Usefulness to developmental biology
The Mouse ENCODE goal of breaking down the genome into the functional parts should be very informative for the developmental biologist who wants to understand the regulatory structure of her favorite gene. The breadth and depth of sample types and assays means a biologist can visualize the chromatin structure of his/her gene(s) of interest in a relevant cell type or tissue.
To do this of course you’ll need to access the data. You can find it all through genome browser portals on the Mouse ENCODE website (mouseencode.org). You can also find the data hosted at the Wash U Epigenome Browser at epigenomebrowser.wustl.edu/browser.
Another aspect of the Mouse ENCODE work (and ENCODE in general) I’ve been thinking about is how these projects are improving our ability to predict functional elements with less information.
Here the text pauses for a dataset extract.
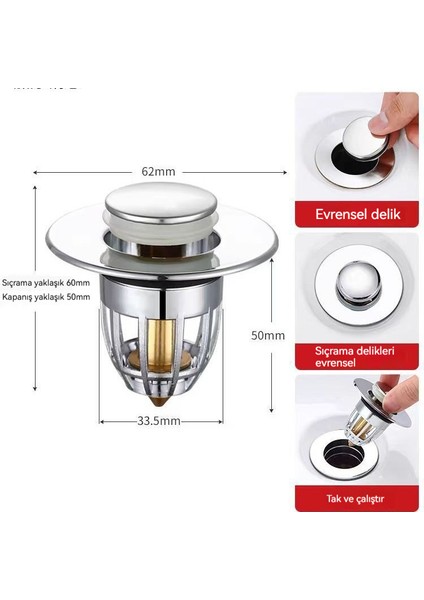 Lavabo Sızıntı Tıpası Basma Tipi Sıçrama Çekirdek Koku Önleyici Huni Filtre Drenaj Evrensel Tip (Yurt Dışından) fiyatları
In my mind this means three questions:
  • What are the criteria that tell us region a is X type of functional element?
  • How do we know if we have found all (or some % ) of X functional elements?
  • What is the most informative piece of data that can tell us if region b is X element vs Y element?
Most of these questions were addressed to a large extent in the ENCODE integrative paper published in 2012. In model organisms though, the more important metric is how to the identified functional elements relate to human and impact how we think about our models of human development and disease. A companion paper to the Mouse integrative paper starts to address this question (Cheng, Y. et. al., 2014). I encourage you to read it, but I can’t stop thinking about Figure 3c — images of mouse embryos  expressing a reporter construct of an identified functional element. The punchline is half of the reporters are tissue-specific and half are not — and the authors interpret this as “pleiotropic”.  What is unanswered is what is the defining feature that determines tissue-specificity vs. pleiotropy? That is what the developmental biologist wants to know so she can prioritize candidate regulatory elements to understand the molecular genetics of her developmental or disease process more precisely.